In this section, you will learn how to calculate the volume of common solids to include:

V = sum of all unit cubes

Within our area section, we had to provide a definition for the meaning of area. That definition rested upon the square -- particularly a unit square. We saw the area of a figure was nothing more than the sum of all unit squares of a figure. For the volume of a solid, there is a similar definition. The definition for volume is the unit cube. Unit Cube

A unit cube can be 1" x 1" x 1" or 1 yd x 1 yd x 1 yd or 1 ft x 1 ft x 1 ft or a cube by some other unit.

V = Bh = lwh

Let's take a look at a diagram of an actual prism. A diagram will help us understand what volume actually means and how volume is calculated. General Prism

Here is a prism that has a length of 3 units, a width of 6 units, and a height of 4 units. Specific Prism

To understand what volume means, let's start by filling the bottom of the prism with unit cubes. This means the bottom of the prism will act as a box and will hold as many cubes as possible without stacking them on top of each other.
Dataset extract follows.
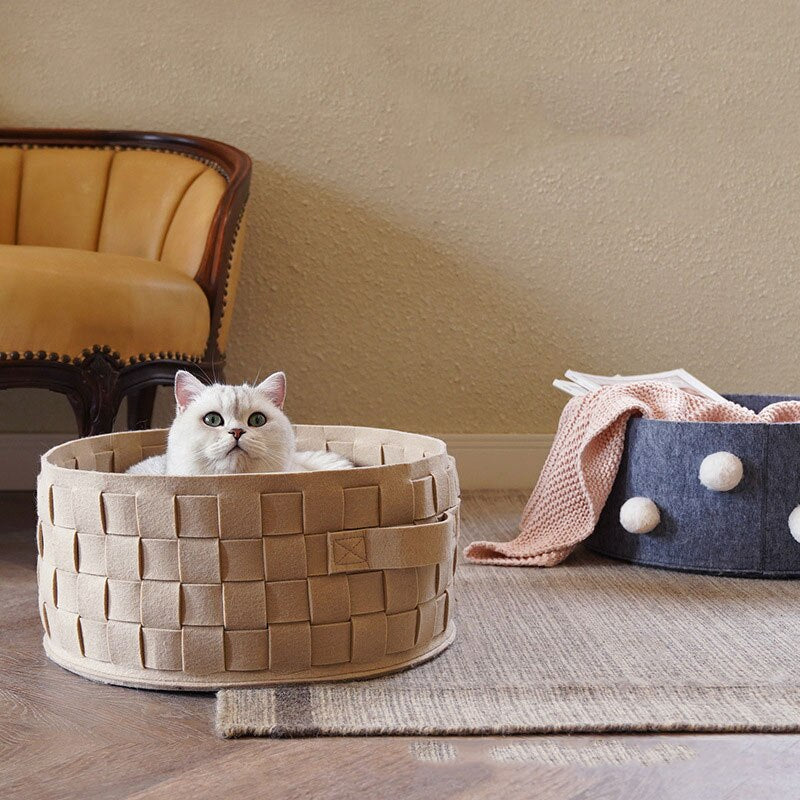 Home Cotton with velvet Universal Round Cat Bed Basket Nest Cotton Rope Woven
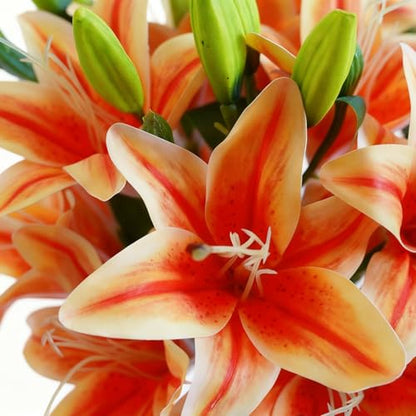 Garvee Tiger Lily Artificial Flowers, Lifelike Fake Lilies in Vase with Faux Water, Artificial Floral Arrangements for Home Office Anniversary, Birthday & Special Occasions Decor, Orange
This is what it would look like. The diagram above does not yet represent the total volume. It only represents a partial volume, but we need to count these cubes to arrive at the total volume. We could count them one at a time or we could use a shortcut. Since the length is 3 units and the width is 6 units, the bottom layer of cubes measure rows and columns that are 3 units by 6 units. So, a quick way of counting the blocks would be to multiply 3 by 6. In general, we would multiply the length of the prism by its width. Multiplying the numbers, we arrive at 18 cubes resting on the prism's base.

If we imagine the prism like a building, we could stack cubes on top of each other until the prism is completely filled. It would be filled so that all cubes are touching each other such that no space existed between cubes. It would look like this. To count all the cubes above, we could use another shortcut. We already know there are 18 cubes on the bottom level and all levels contain the exact number of cubes. Therefore, we need only take that bottom total of 18 and multiply it by 4 because there are four levels to the prism. 18 x 4 = 72 total cubes to our original prism.
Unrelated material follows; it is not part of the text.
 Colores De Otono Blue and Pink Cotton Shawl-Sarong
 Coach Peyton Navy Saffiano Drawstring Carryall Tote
If we review our calculations, we find that the total bottom layer of cubes was found by multiplying the prism's length by its width. Then, we took the result and multiplied it by the prism's height. So the volume of a prism is its length times its width times its height. Sometimes geometers refer to the volume as the area of the bottom times the height. Symbolicly, it is written as V = Bh, where the capitol B stands for the area of the solid's base (bottom).
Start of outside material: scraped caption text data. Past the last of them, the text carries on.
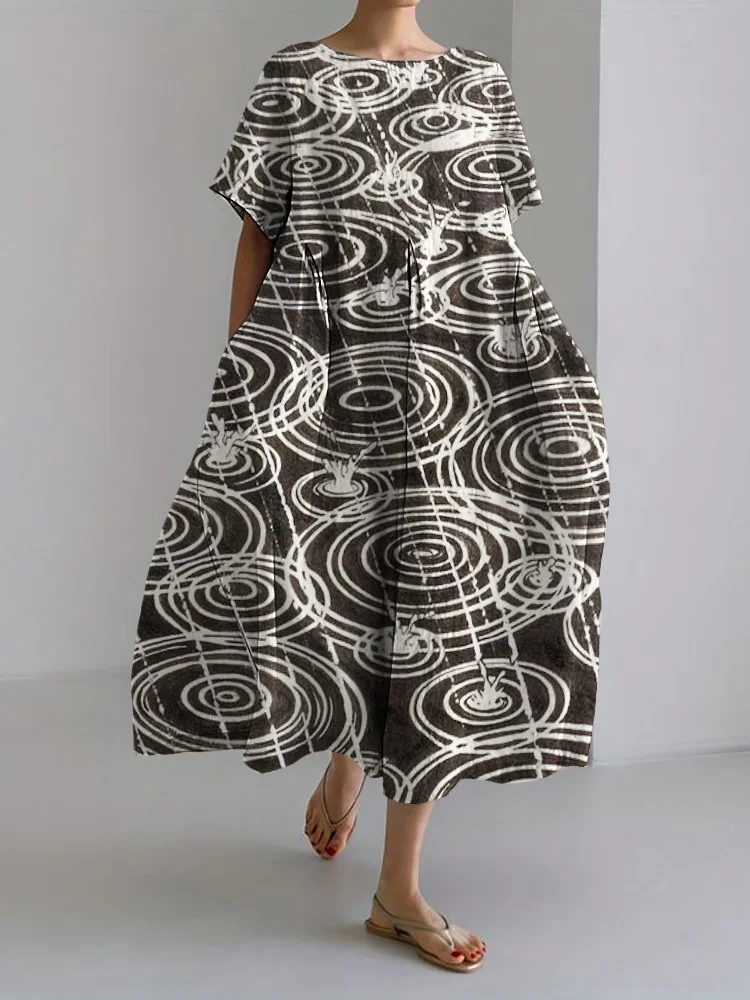 Raining Ripples Lino Pattern Linen Blend Maxi Dress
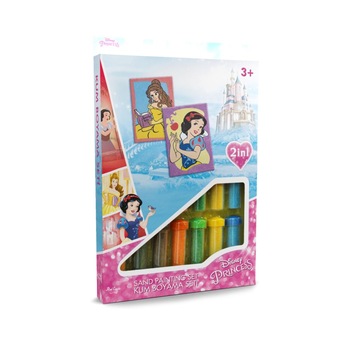 Set creativ pictura cu nisip colorat, Alba ca Zapada & Belle, Disney, 2 planse 16,5 x 23,5 cm, 15 tuburi nisip multicolor, 1 penseta, 2 folii protectie, + 3 ani Set creativ pictura cu nisip colorat, Alba ca Zapada & Belle, Disney, 2 planse 16,5 x 23,5 cm, 15 tuburi nisip multicolor, 1 penseta, 2 folii protectie, + 3 ani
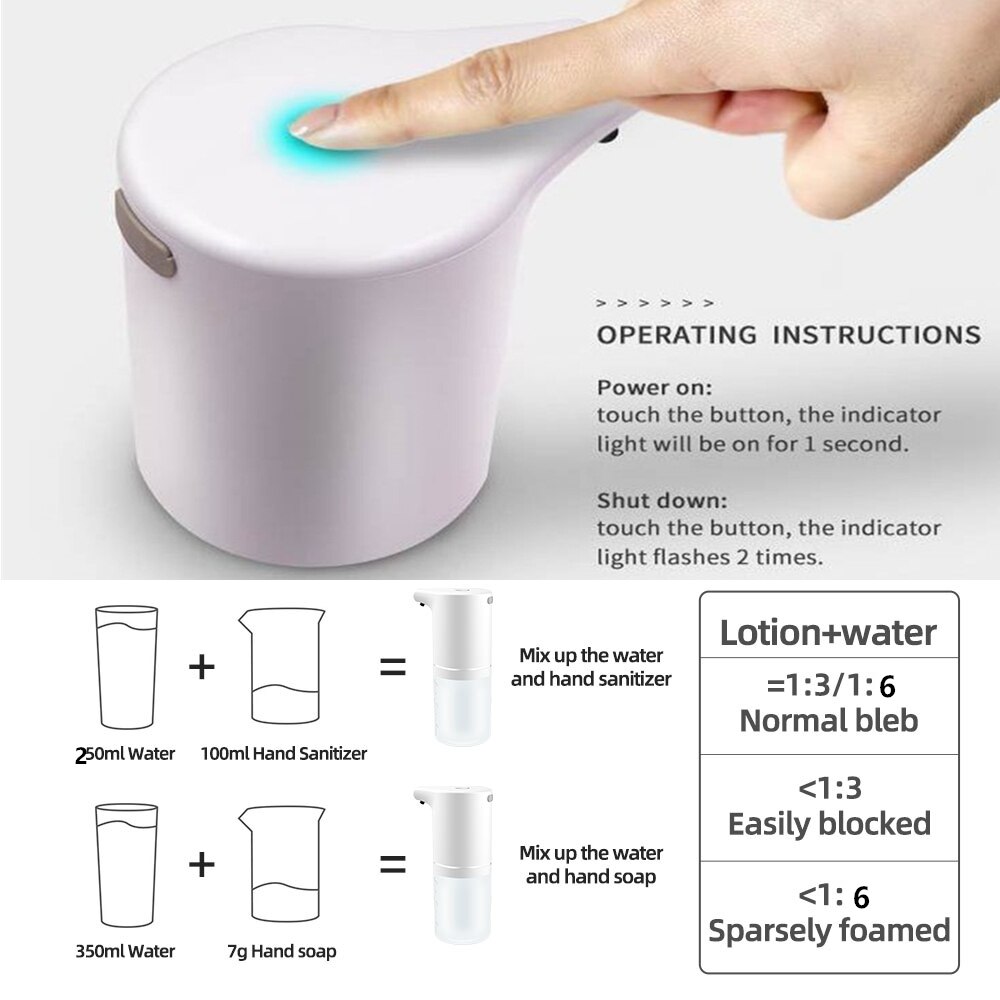 Hands Free Automatic Liquid Soap Dispenser Touchless Smart Sensor Foam Soap Dispenser Hand Washer For Kitchen Bathroom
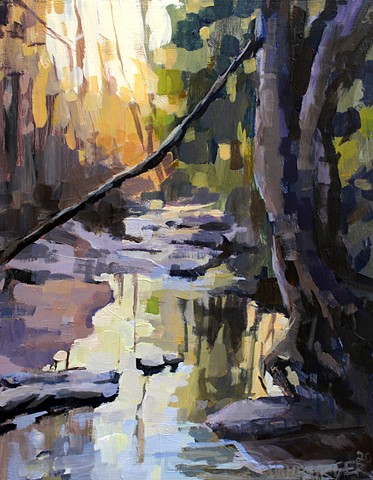 Creek at the Botanical Gardens, 11x14in, Acrylic on panel, SOLD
To understand the units of our answer, we could think in terms of algebra. We know that x times x times x is x3; similarly, units x units x units = units3. So if we had to find the volume of our original cube, all we need to do is multiply 3 units x 6 units x 4 units to get 72 units3 or 72 cubes.

Example 1: If l = 7 ft and w = 5 ft and h = 2 ft, then the volume would be...

V = Bh
V = lwh
V = (7 ft)(5 ft)(2 ft)
V = 70 ft3

Example 2: If l = 12 yds and w = 10 yds and h = 1/2 yd, then the volume would be...

V = Bh
V = lwh
V = (12 yds)(10 yds)(1/2 yd)
V = 60 yds3 uizmaster: Volume of Prisms

V = Bh = πr2h

The process for understanding and calculating the volume of cylinders is identical to that of prisms, even though cylinders are curved. Here is a general cylinder. General Cylinder Specific Cylinder

We fill the bottom of the cylinder with unit cubes. This means the bottom of the prism will act as a container and will hold as many cubes as possible without stacking them on top of each other. This is what it would look like. The diagram above is strange looking because we are trying to stack cubes within a curved space. Some cubes have to be shaved so as to allow them to fit inside. Also, the cubes do not yet represent the total volume. It only represents a partial volume, but we need to count these cubes to arrive at the total volume. To count these full and partial cubes, we will use the formula for the area of a circle. The radius of the circular base (bottom) is 3 units and the formula for area of a circle is A = πr2. So, the number of cubes is (3.14)(3)2 = (3.14)(9), which to the nearest tenth, is equal to 28.3.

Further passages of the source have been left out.